You can run the Motoko code live with your own input in the live link.

Algorithm 2
We now present a second implementation which has two nested loops instead of a single loop. It steps the bids in an outer loop and asks in an inner loop. Since such an approach cannot step both sides at once, it has to track additional information to handle the case when the accumulated volumes on both sides are equal.

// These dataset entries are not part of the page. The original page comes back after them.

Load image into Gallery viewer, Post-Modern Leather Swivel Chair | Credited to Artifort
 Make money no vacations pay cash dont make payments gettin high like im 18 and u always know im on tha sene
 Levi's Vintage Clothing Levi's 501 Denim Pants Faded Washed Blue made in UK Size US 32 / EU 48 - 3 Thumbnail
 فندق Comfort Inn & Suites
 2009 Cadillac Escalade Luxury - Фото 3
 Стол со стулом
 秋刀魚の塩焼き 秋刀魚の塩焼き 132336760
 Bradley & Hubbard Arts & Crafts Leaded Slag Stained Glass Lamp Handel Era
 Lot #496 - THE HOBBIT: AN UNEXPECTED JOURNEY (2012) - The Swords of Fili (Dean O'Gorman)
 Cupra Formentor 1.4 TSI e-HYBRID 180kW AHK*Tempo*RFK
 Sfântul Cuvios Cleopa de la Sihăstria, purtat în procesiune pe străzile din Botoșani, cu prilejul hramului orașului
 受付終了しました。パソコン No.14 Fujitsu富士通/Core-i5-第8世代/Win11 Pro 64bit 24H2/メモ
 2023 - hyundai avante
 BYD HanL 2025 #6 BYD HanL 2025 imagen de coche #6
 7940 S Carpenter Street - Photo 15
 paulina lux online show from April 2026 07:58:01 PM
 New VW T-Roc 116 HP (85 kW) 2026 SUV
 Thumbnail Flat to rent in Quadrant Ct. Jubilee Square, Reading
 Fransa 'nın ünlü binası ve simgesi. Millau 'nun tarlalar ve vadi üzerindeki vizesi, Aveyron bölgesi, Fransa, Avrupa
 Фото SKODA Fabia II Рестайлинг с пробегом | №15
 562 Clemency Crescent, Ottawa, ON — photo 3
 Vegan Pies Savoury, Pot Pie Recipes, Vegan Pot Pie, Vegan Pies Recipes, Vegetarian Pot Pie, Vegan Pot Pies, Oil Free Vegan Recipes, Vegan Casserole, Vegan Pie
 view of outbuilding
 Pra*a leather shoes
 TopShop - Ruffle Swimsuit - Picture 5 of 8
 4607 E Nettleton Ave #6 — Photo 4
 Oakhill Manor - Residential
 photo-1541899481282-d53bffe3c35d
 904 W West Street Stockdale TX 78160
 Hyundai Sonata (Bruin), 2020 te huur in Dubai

If we are only interested in knowing the lower end of the range as the clearing price, not the full range, then the additional tracking isn’t necessary. We show this simpler algorithm first:
func clearAuction(bids : [Order], asks : [Order]) : {
price : Nat;
volume : Nat
} {
var bidVolume = 0; // cumulative volume
var askVolume = 0; // cumulative volume
var price = 0;
var i_bid = 0;
var i_ask = 0;
// invariant here: askVolume >= bidVolume
label L while (i_bid < bids.size()) {
let bid = bids[i_bid];
if (bid.price < price) break L;
bidVolume += bid.quantity;
while (askVolume < bidVolume and i_ask < asks.size()) {
let ask = asks[i_ask];
if (ask.price > bid.price) break L;
price := ask.price;
askVolume += ask.quantity;
i_ask += 1;
};
i_bid += 1;
};
{ price; volume = Nat.min(bidVolume, askVolume) };
};
Now we add the additional tracking into it to be able to return the full range of maximum volume:
func clearAuctionRange(bids : [Order], asks : [Order]) : {
range : (Nat, Nat);
volume : Nat
} {
var bidVolume = 0;
var askVolume = 0
var ask_price = 0;
var bid_price = 0;
var i_bid = 0;
var i_ask = 0;
label L while (i_bid < bids.size()) {
let bid = bids[i_bid];
if (bid.price < ask_price) break L;
let wasEqual = bidVolume == askVolume;
if (not wasEqual) bid_price := bid.price;
bidVolume += bid.quantity;
while (askVolume < bidVolume and i_ask < asks.size()) {
let ask = asks[i_ask];
if (ask.price > bid.price) break L;
if (wasEqual) bid_price := bid.price;
ask_price := ask.price;
askVolume += ask.quantity;
i_ask += 1;
};
i_bid += 1;
};
{
range = (ask_price, bid_price);
volume = Nat.min(bidVolume, askVolume);
};
};
Mops package
Extended version of the last two algorithms are published on mops: https://mops.one/auction
The extensions include:
input accepted as Iterators instead of Arrays
generic price type (type parameter) so that the price type can be Nat, Int or Float
robust against edge cases such as orders with volume 0
We look forward to a fully on-chain, decentralized and fair exchange based on uniform-price call auctions.